▶ [REQUIRED WORK]
Print the lines that run from the line with "Newman graduates celebrate" to the line with "Scenic view of", keeping both end lines, exactly as they appear in the entries below, and nothing else.

▶ [DATA TO EXAMINE]
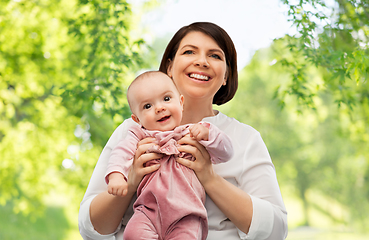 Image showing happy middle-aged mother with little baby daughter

--

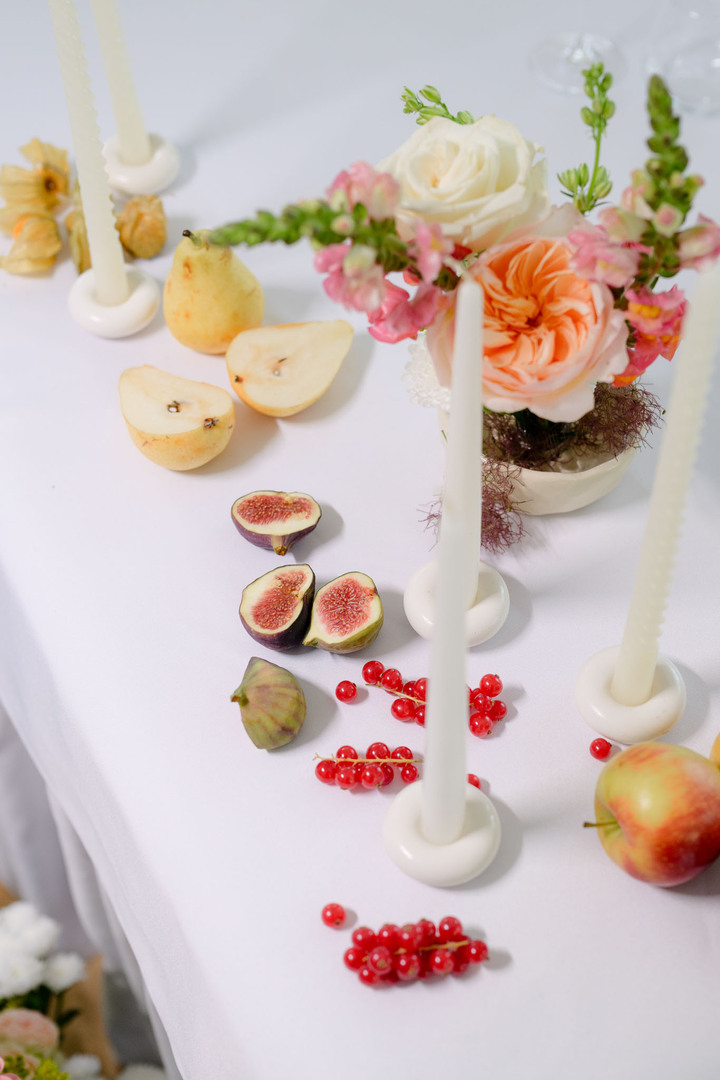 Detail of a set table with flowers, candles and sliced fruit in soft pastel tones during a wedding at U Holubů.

---

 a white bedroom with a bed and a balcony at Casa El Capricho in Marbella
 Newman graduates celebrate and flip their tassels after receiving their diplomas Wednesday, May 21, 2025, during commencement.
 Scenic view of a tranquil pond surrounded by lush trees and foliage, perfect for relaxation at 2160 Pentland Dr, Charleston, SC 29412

▶ [OUTPUT FOR THIS EXERCISE]
 Newman graduates celebrate and flip their tassels after receiving their diplomas Wednesday, May 21, 2025, during commencement.
 Scenic view of a tranquil pond surrounded by lush trees and foliage, perfect for relaxation at 2160 Pentland Dr, Charleston, SC 29412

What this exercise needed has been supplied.